Monitoring Apache® Impala Query Metrics (YARN)

Supported Versions of Impala: Versions supported by any Cloudera CDH/CDP distribution that Pepperdata supports; see Pepperdata-Platform Support

Monitoring of Apache® Impala Query Metrics is applicable only for YARN clusters.

Cluster administrators often need precise resource usage information, even down to the query level of detail, in order to create accurate chargeback reports. If you’re using Apache Impala, you can enable Pepperdata to collect Impala query metrics for CPU and memory usage. When the queries are finished, Pepperdata reads the Impala query profiles to calculate the resource usage.

Typical Use Cases

The Pepperdata dashboard shows charts and tables of data about your Impala queries. You can:

  • Determine which Impala queries are resource hogs.

  • Learn how a query impacts the system by filtering the metrics on a per Query, DB, connection user, fragment, and so on basis.

  • Determine who (database or connection user) contributes the biggest impact over time, to the system as a whole, by monitoring the Chargeback metrics—aggregate CPU/memory usage numbers per database or connection user).

Metrics for Impala Queries In Flight

Pepperdata collects metrics for Impala queries in flight, which provide information about the query’s state (CREATED, INITIALIZED, COMPILED, RUNNING, FINISHED, and EXCEPTION). In flight queries refer to currently running queries as reported in the queries page of the Impala impalad daemon’s debug web UI at http://impalaserverhostname:25000/queries. These metrics enable you to create alarms and alerts, such as queries in the RUNNING state for more than a given amount of time and too many queries are in the EXCEPTION state for the last 10 minutes.

The table describes the queries in flight metrics.

Metrics for Impala Queries In Flight
Metric Name Description
impala.in_flight_queries.duration-secs Current duration: difference between now and when the query began.
impala.in_flight_queries.progress‐percent Progress through the Impala SQL statement.

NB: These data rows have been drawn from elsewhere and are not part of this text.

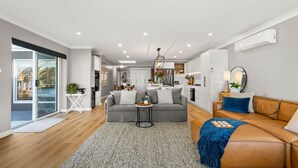 A modern living room with a grey sofa, a brown leather sofa, and a small round table. There is a kitchen area in the background with white cabinets and a stainless steel refrigerator.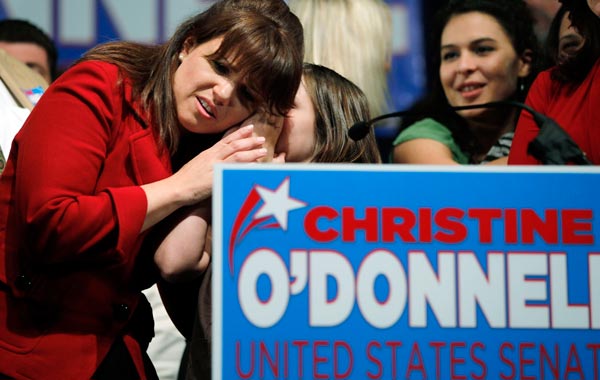 A young girl whispers in the ear of Republican U.S. Senatorial candidate from Delaware Christine O'Donnell after she delivered her concession speech to Democrat Chris Coons during an election night rally in Dover, Delawar. (AFP)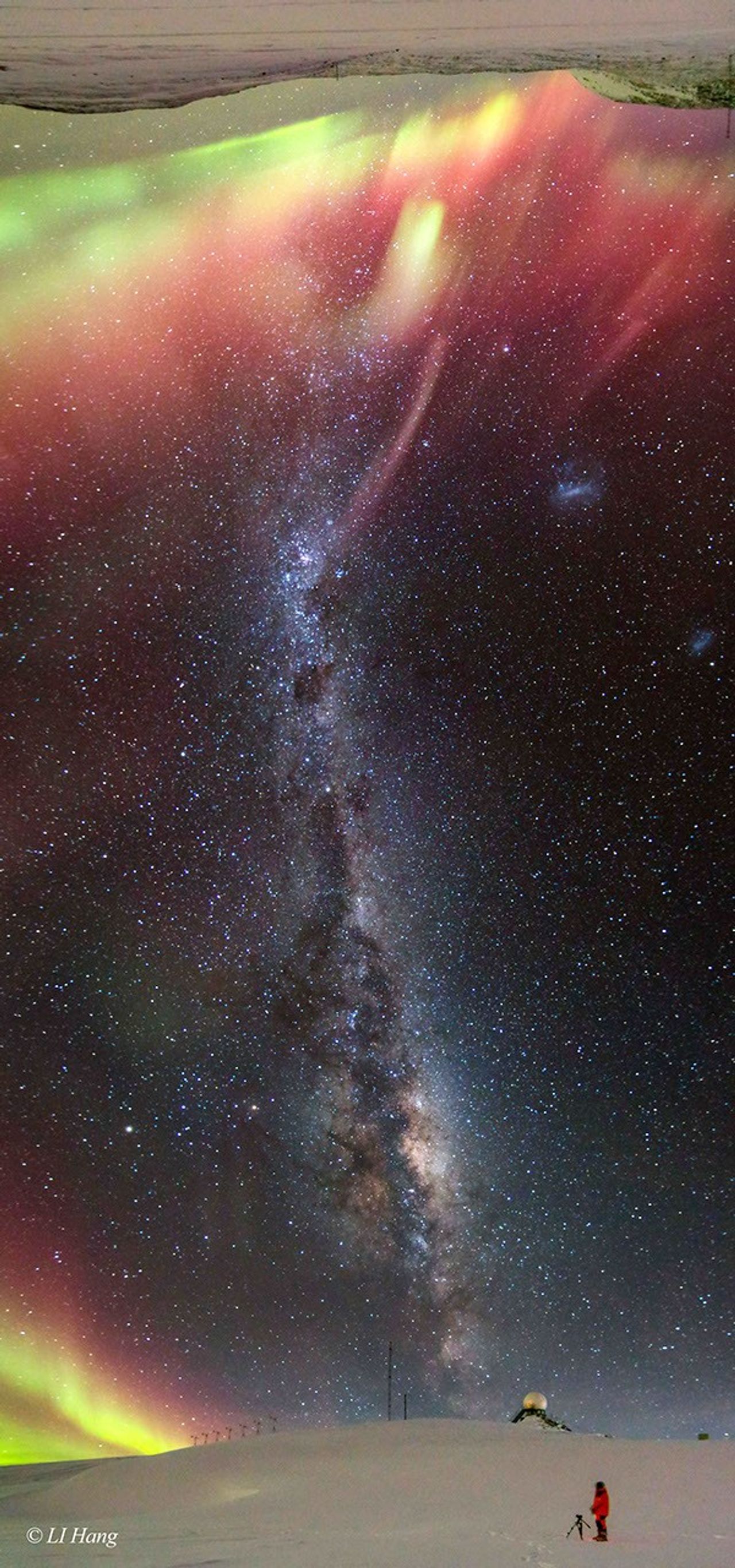 A long vertical image shows a band of the night sky from horizon at the bottom to the opposite horizon -- at the image top. A person stands on a snow covered landscape with the central band of the Milky Way running between horizons. Each ho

For SQL queries, this represents how many of the target rows of the table(s) have already been processed.
impala.in_flight_queries.rows‐fetched Number of rows in the query result set.
impala.in_flight_queries.state Enumeration of possible states of a query:
  • CREATED = 1
  • INITIALIZED = 2
  • COMPILED = 3
  • RUNNING = 4
  • FINISHED = 5
  • EXCEPTION = 6
impala.in_flight_queries.waiting User-controlled flag to indicate that a query's execution is finished and is waiting for manual inspection and resource cleanup.
impala.in_flight_queries.waiting‐time‐secs Length of time that the query's impala.in_flight_queries.waiting flag has been true.

Related Information

  • For information about creating alarms from the applicable metrics’ charts, see Create Alarms From a Chart View.

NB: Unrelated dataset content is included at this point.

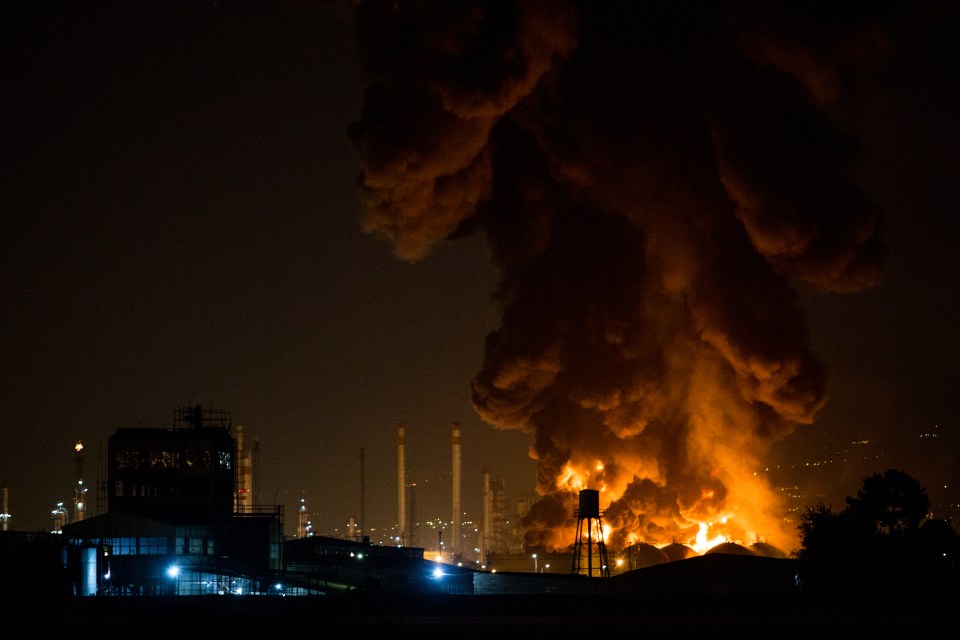 The oil refinery continued to burn into a second day as firefighters struggled to extinguish the flames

  • For information about the Impala impalad daemon’s debug web UI, refer to Queries Page  or the comparable page for your version of Impala.

  • For one approach for using the impala.in_flight_queries.waiting and impala.in_flight_queries.waiting‐time‐secs metrics, refer to the impala-user mailing list archives message, queries “waiting to be closed” .

Show Chart View of Impala Query Metrics Data

To display a group of Impala query metrics, navigate to the dashboard’s Charts page, and use the Metrics filter bar to search for “Impala”. To show a single metric, select it. To show all the metrics in a group, select the All… checkbox for the group. After you show the metrics, you can proceed as usual to optionally select breakdowns and apply filters.

Procedure

  1. In the left-nav menu, select Charts.

  2. Choose the metric(s) that you want.

    1. In the filter bar, click Metrics.

    2. In the search box, clear any previously selected metrics, and enter the search term, “impala”.

    3. Select the metric(s) that you want to see.

  3. Select the Impala container type.

    1. In the filter bar, click Breakdown By.

    2. Select the Container Type series breakdown, and filter it for Impala by clicking the drop down list and clearing all the container types except Impala.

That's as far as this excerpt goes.